L’intégration dans le domaine de la puissance est une avancée considérable. Elle a permis d’améliorer les performances des composants, et surtout de proposer de nouvelles structures silicium. Les dispositifs réalisent ainsi des fonctionnalités de plus en plus complètes et complexes. Mais la notion même d’intégration a évolué et actuellement différents modes d’intégration sont envisageables suivant l’application visée. Toutes ces évolutions découlent des avancées technologiques de la microélectronique. Cependant, les problèmes de l’intégration ne se posent évidemment pas dans les mêmes termes qu’en électronique de traitement du signal et de l’information. Les dispositifs de puissance intégrés doivent être capables de supporter des densités de puissance importantes, de fortes contraintes thermiques, des dI/dt et dV/dt élevés…Il paraît alors évident que l’intégration en électronique de puissance ne peut être considérée comme une simple miniaturisation.
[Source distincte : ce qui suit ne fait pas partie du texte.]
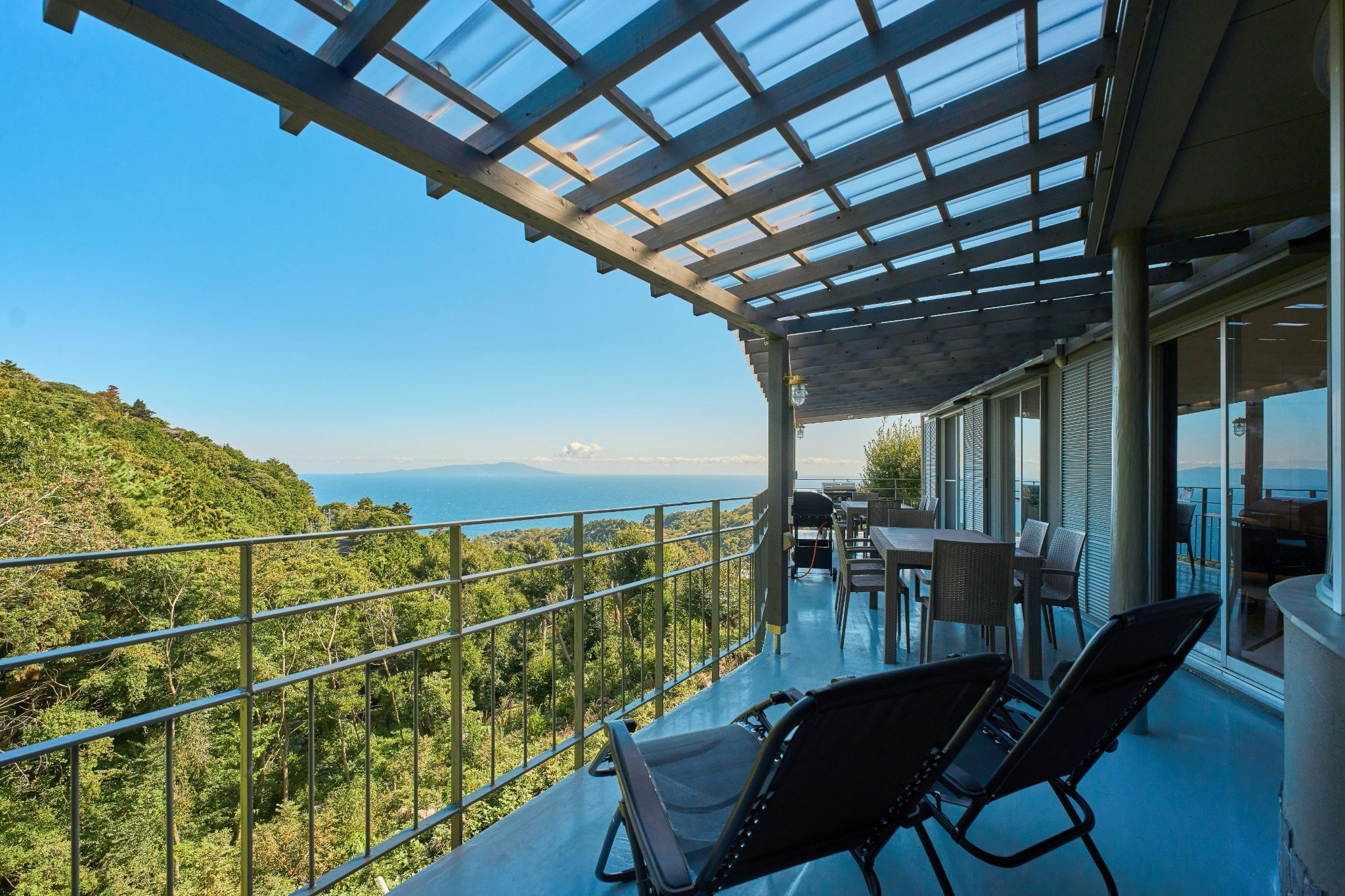 碧の熱川、空と海が満ちる高台の天然温泉サウナSPA Villa、癒しに委ねる至福のひととき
Elle doit toujours se justifier par un apport de solutions innovantes pour assurer des fonctionnalités bien identifiées.

Quelle intégration choisir?

Lorsque le dispositif répond aux critères d’intégration, se pose alors le choix du type d’intégration car l’approche est différente suivant les niveaux de puissance et les contraintes à supporter. On distingue l’intégration hybride et l’intégration monolithique.
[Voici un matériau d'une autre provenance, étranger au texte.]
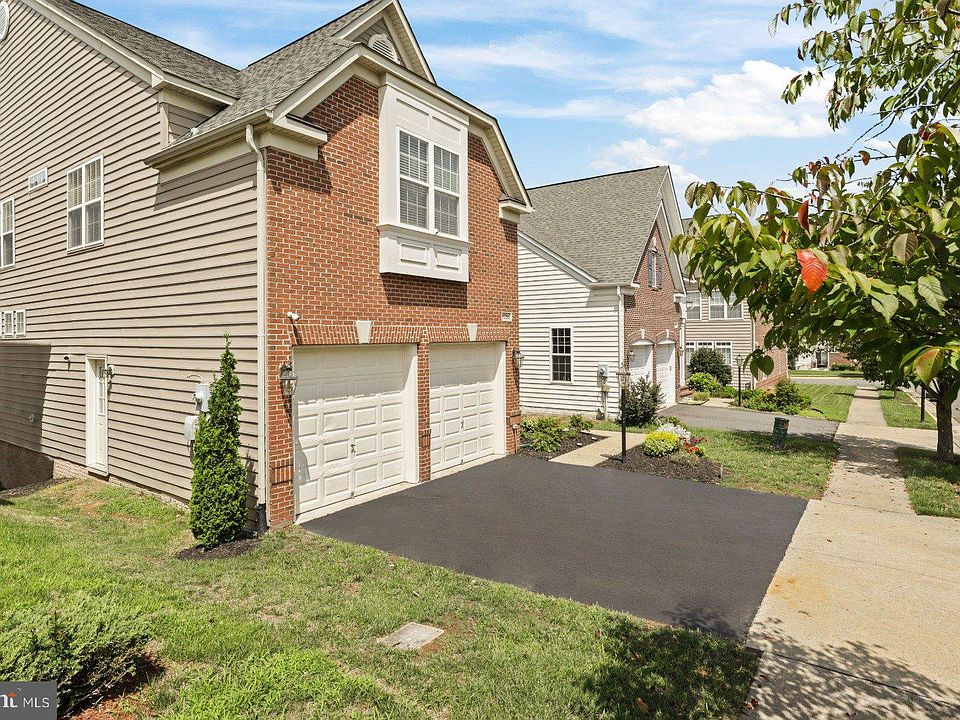9086 Purvis Dr, Lorton, VA 22079 Zillow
L’intégration hybride se situe à mi-chemin entre l’intégration monolithique et le discret. Elle permet d’associer sur un même substrat les divers composants mis en jeu dans la réalisation d’une fonction de puissance « intelligente » grâce à l’utilisation simultanée de matériaux conducteurs et isolants réalisant plusieurs fonctionnalités dont la fabrication simplifiée permet une réduction des coûts (figure 12). Ce mode d’intégration est adapté aux applications fonctionnant dans des gammes en puissance importante, typiquement pour des densités de courant supérieures à 100 A/cm2 et des tensions se situant dans la fourchette 600 V/1700 V (traction ferroviaire, alimentation industrielle). Dans ces gammes de puissance, il est avant tout nécessaire de recourir à un mode d’intégration conduisant à une bonne évacuation de la chaleur et à une isolation galvanique parfaite entre les différents éléments. Les principaux travaux se focalisent sur le « packaging » : report de la puce, interconnexions, assemblage sur substrat et encapsulation sous boîtier, évacuation de la chaleur…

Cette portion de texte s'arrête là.